Lyall looked down at his ring, not the baron’s, and he dared not look at Glenna. An imaginary noose just tightened around his neck. On the inside, he was choking.

The prior stood over him as he pressed his seal onto each parchment. “We will keep the records here with all our birth, death and marriage documents,” the prior assured him and Lyall understood there was as much threat in his tone as there was promise.

Unlike Pater Bancho, there was no sweetness in the prior. The man was too sharp-eyed. All the monks surrounded him like harbinger ravens perched upon a hangman’s tree.

Lyall hid his concern and blithely carried on the masquerade to the end. “ ‘Tis very reassuring to know,” he said simply. He kept his gaze hooded, unable to look at Glenna, looking down upon the documents that lay before him, knowing he wanted to burn them into ashes.

12

Donnald Ramsey, Baron Montrose, lord of Rossie, Mar, Brechin, and Kirriemur, rode over the last hill, his knights and men-at-arms flanking him and the pennant of the house of Ramsey whipping in the fresh, rain-cooled island winds. Below him stood a grass-roofed cottage of stone built into the side of a knoll and looking solitary and strangely peaceful considering the plots and skirmishes shadowing the mainland.

His first thought was that Sutherland had been right, for the girl to be stowed away in these barren outlands assured her safety. Yesterday’s downpour had stopped and the sun had baked away the rain on the ground. The ship landed onto the island in the light of a clear morning, and their ride across the slopes and rises of the island had been swift because the leagues of heath and moorlands soaked up the rains and only occasionally did they hit any mud to slow them. He preferred the mud to dust which strayed into the nose and made the chest tight and breathing difficult after a few days of riding in a cloud of it.

Off in the far distance the seas were a misty purple—beyond, the unknown edges of the world—but closer, nearer to the cottage horses pranced about a paddock, the extension of astone and plank stable also topped with a roof of bright green grass and appearing as if the hillside rolled right over it.

The figure of a young man carrying a hayfork came running over the rise from the paddock and another, taller one came around the side of the house as Ramsey and his men closed in, and when the man saw them approaching, he picked up a wood axe and planted his feet apart.

Ramsey was unsure what the two of them thought they could do with a hayfork and woodaxe when pitted against a score of trained knights and twice as many men-at-arms. Amused, he raised a hand as he reined in barely a rod away from the cottage door.

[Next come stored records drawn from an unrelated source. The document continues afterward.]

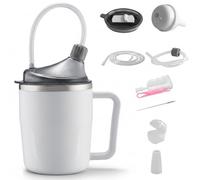 Beakers for Elderly - 400ml Non Spill Adult Sippy Cup with 3 Lids, Straw & Spout, Spill Proof Drinking Cup for Adults with Dysphagia White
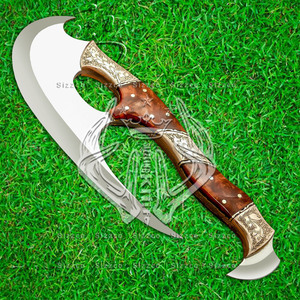 Hacha Barbuda de acero D2 Tang completa personalizada para caza, hacha Real Tomahawk con mango grabado y Funda de cuero, regalo Ideal - Product Image 2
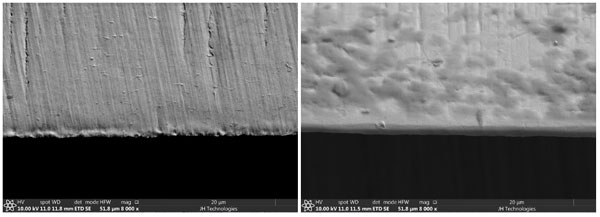 razor blade materials analysis - SEM imaging at 8000x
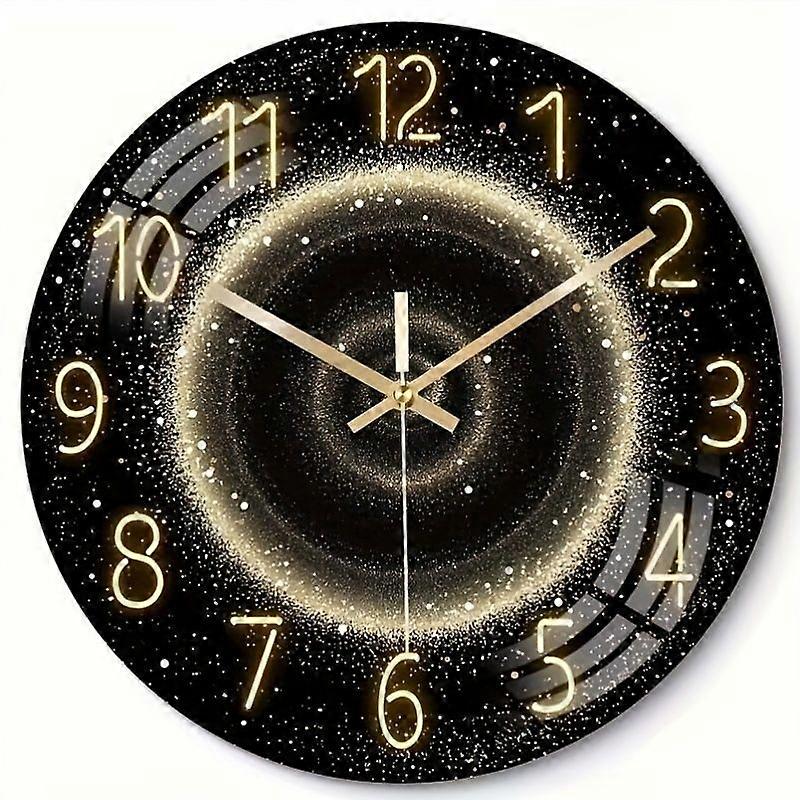 Glass Wall Clock Silent Non Ticking Wall Clock- 12 Inch Quality Quartz Battery Operated Round Clock for Home Office Circle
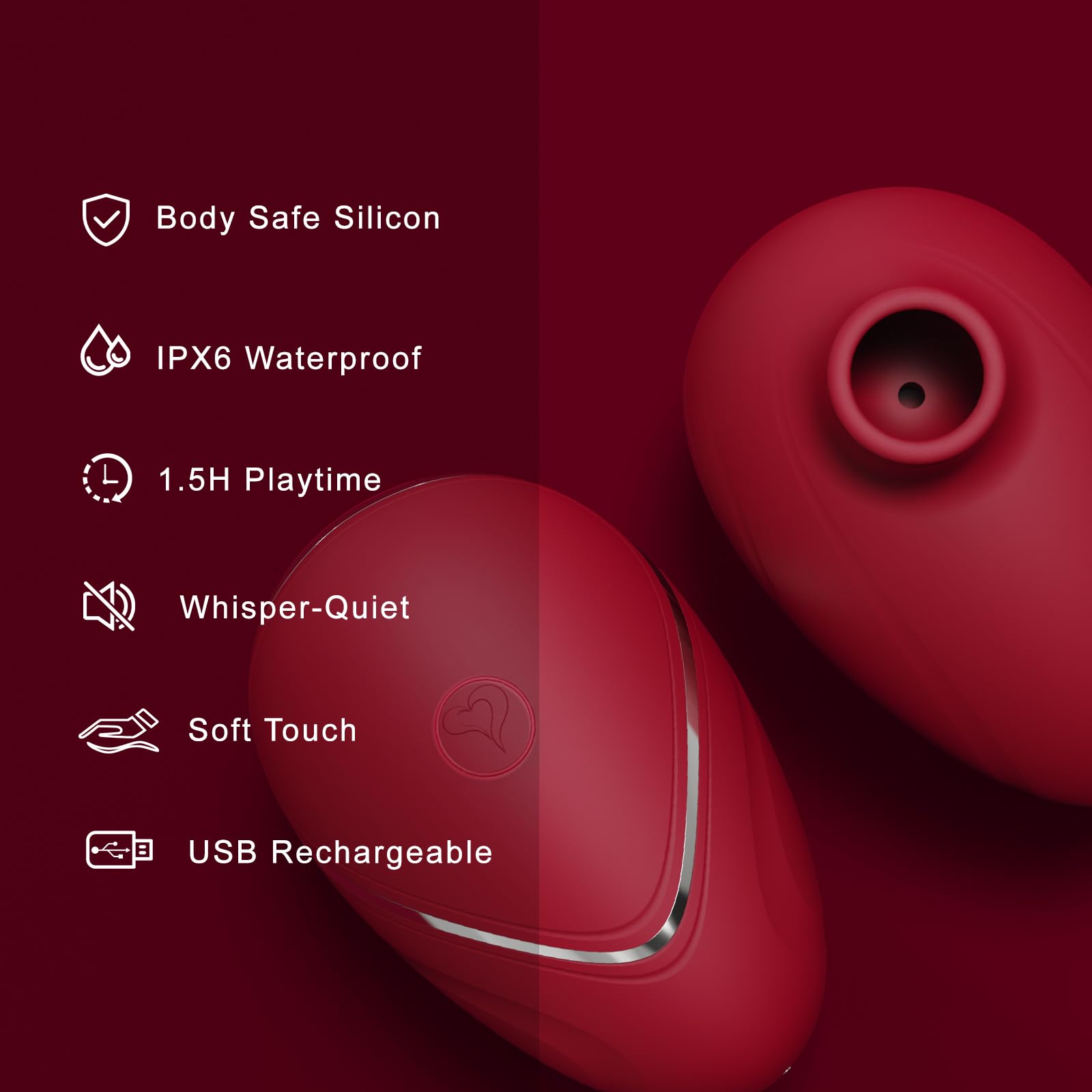 Rose Clitoral Suction Vibrator for Women - 6 Powerful Vibration Modes, Wide Opening Sucker for Nipple & Clit Stimulation, Mini Sex Toy for Couples & Solo Play (Rose Red) - Perfect for Sensual Massage, Foreplay & Intimate Moments
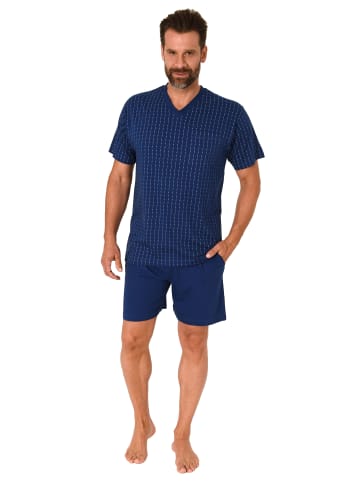 NORMANN Schlafanzug Kurzarm Shorty PyjamaStreifen in marine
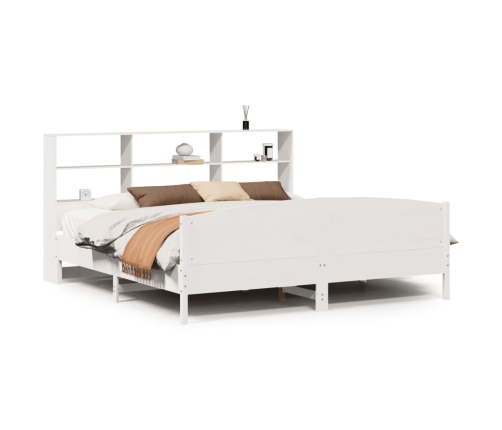 Cama con estantería sin colchón madera maciza blanca 200x200 cm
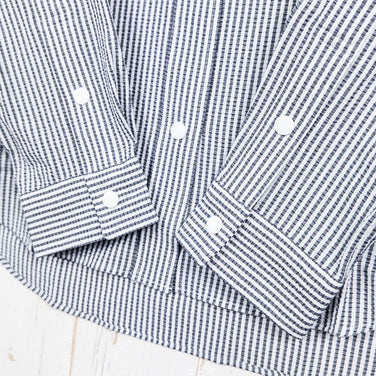 【Women's S グレー系】 Ridge Mountain Gear ( リッジマウンテンギア ) ベーシック ロングスリーブ シャツ ストライプ Basic Long Sleeve Shirt Stripe Grey x White ポリエステル ウェア トップ - 【公式】2ndGEAR（セカンドギア）Webショップ【登山用品・アウトドア用品専門 買取販売店】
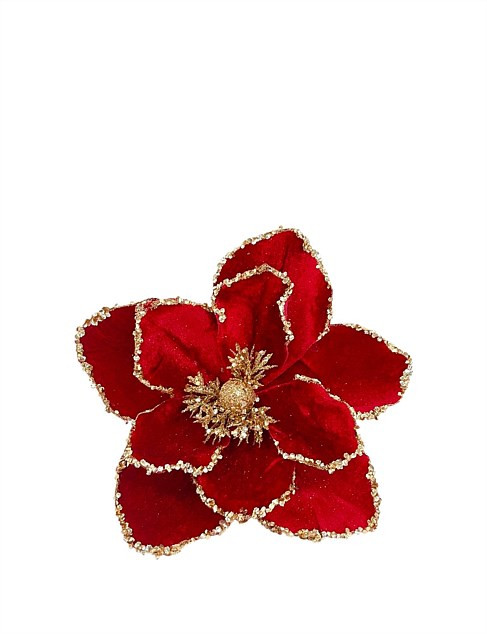 David Jones 16cm Red Magnolia Flower Clip Ornament | David Jones | David Jones (Australia & New Zealand)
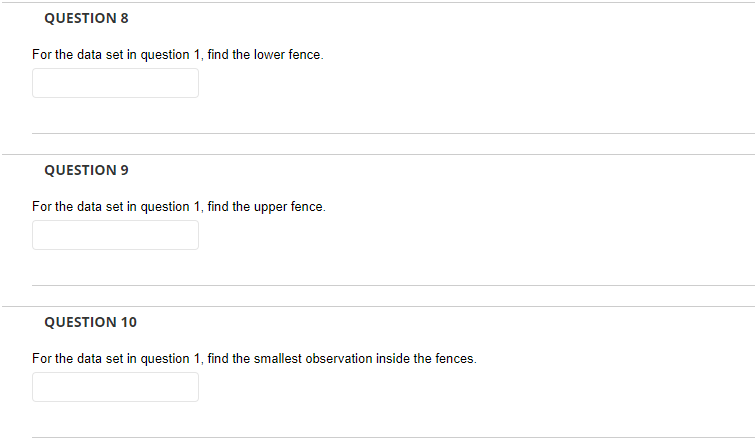 Solved QUESTION 8 For the data set in question 1, find the | Chegg.com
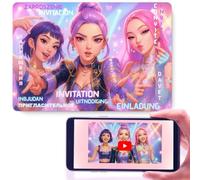 Tarjetas de invitación para fiesta de cumpleaños con efecto WOW K-pop con animación de vídeo AR (realidad aumentada), invitaciones de cumpleaños mágicas interactivas para niños y niñas, juego de 12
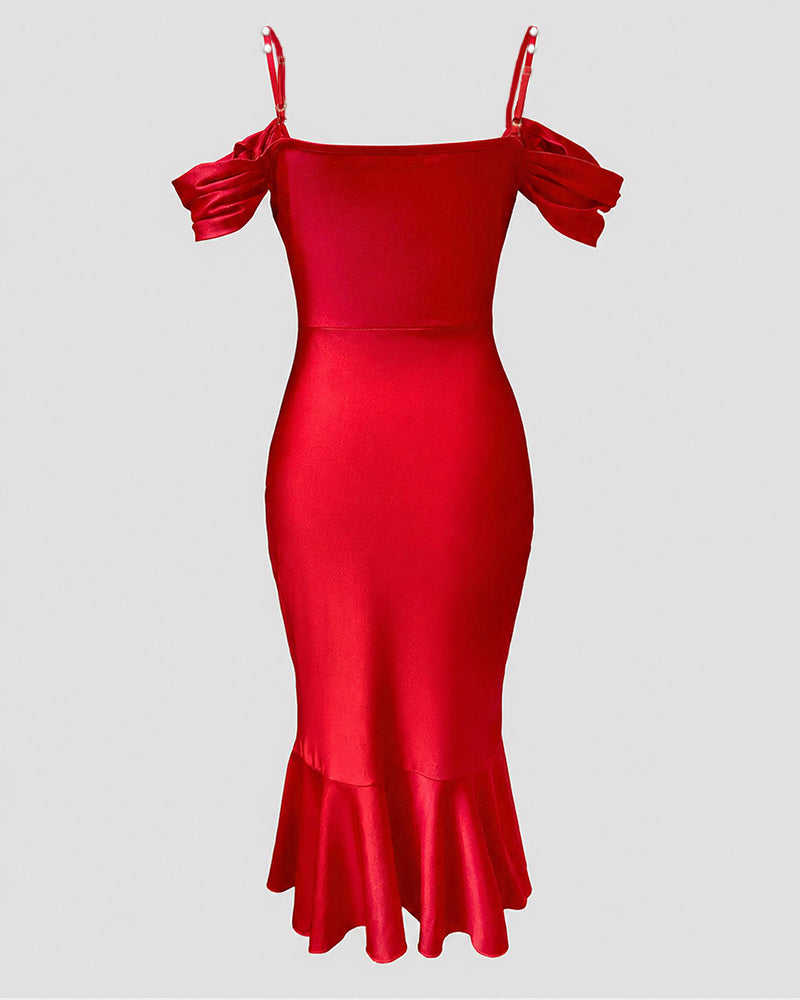 Women's Cold Shoulder Adjustable Pearls Straps Bodycon Dress Cowl Neck Asymmetrical Ruffle Hem Party Dress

The young man from the paddock stopped next to the other, panting to catch his breath. Clearly they were brothers; their faces were the same, both with sharp, hawk-like noses and dimpled square chins. Only their hair and height distinguished them apart.

“Put down the hayfork,” Ramsey told him. “No one intends to harm you.”

“If you mean no harm, then there is no need for me to put down the hayfork,” he said rebelliously.

The knight and men-at-arms took exception and there was clattering of drawn weapons and mounts shifting into protective positions.

“Quiet, El,” the tall, ginger-haired one said and he stepped in front his brother, eyeing them uneasily.

“I’ve come to speak with Sir Hume Gordon.”

“I am Alastair Gordon and my younger brother Elgin. Our father is dead, my lord.” He lowered his weapon.

“Stand down,” Ramsey quietly ordered, then turned back to the Gordons. “When?”

“Why does it matter?” Elgin Gordon asked.

“Where is Glenna?” Ramsey shot back. Her name all but snapped in the air. In the telling silence the brothers exchangeduneasy looks. Ramsey could smell trouble like one could smell bad fish.

“She is gone, “Alastair Gordon told him.

“Gone?” Ramsey paused meaningfully. “What do you mean she is gone?” Without waiting for an answer, he turned to this men. “Search inside and search the paddock and stable.”

“He told you the truth. She is not here,” Elgin said angrily.

“Stop, El.” His brother shoved him behind him and said harshly, “Put down the fork.”